Dans la voiture, maman ne parle pas beaucoup. D'habitude, elle dit toujours quelque chose, ou alors elle chante très fort et très mal pour me faire rire. Là, elle garde les yeux fixés sur la route. Elle a les sourcils froncés et ça m'inquiète : maman n'a jamais les sourcils froncés, sauf quand elle est en colère ou contrariée.

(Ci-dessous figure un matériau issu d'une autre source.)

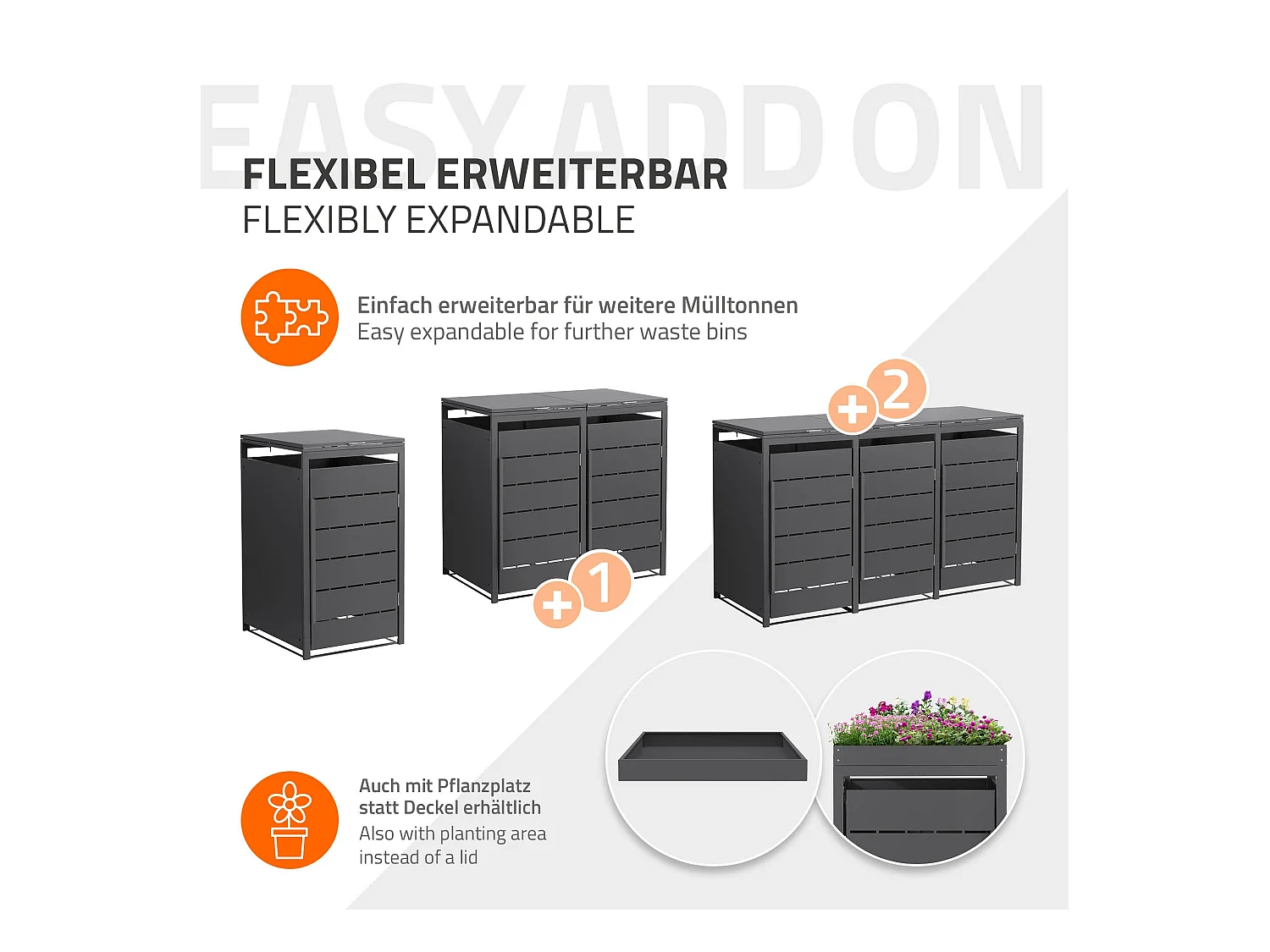 Abri pour 1 poubelle 68x80x120 cm 240L anthracite en acier couvercle rabattable et porte clôture habillage conteneur ordures résistant aux intempéries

Arrivés à la maison, j'enlève mon manteau et mes chaussures, puis les range comme papa me l'a appris. Maman ne parle toujours pas ; je me demande si j'ai fait quelque chose de mal. Je décide d'aller dans ma chambre pour y réfléchir : c'est toujours ce que papa me dit de faire quand je ne comprends pas pourquoi ils ne sont pas contents après moi. Et une fois que j'ai trouvé la raison, j'ai le droit de redescendre pour venir m'excuser.

Avant que je ne puisse aller dans ma chambre, maman me prend dans ses bras et me serre très fort contre elle. J'aime ses câlins, mais pas celui-là. C'est un câlin qui me fait mal.

-Maman ! protesté-je. Tu m'étouuuffes !

Elle me libère avec un petit rire et me caresse la joue avec son pouce. Ses yeux brillent beaucoup, comme si elle allait pleurer.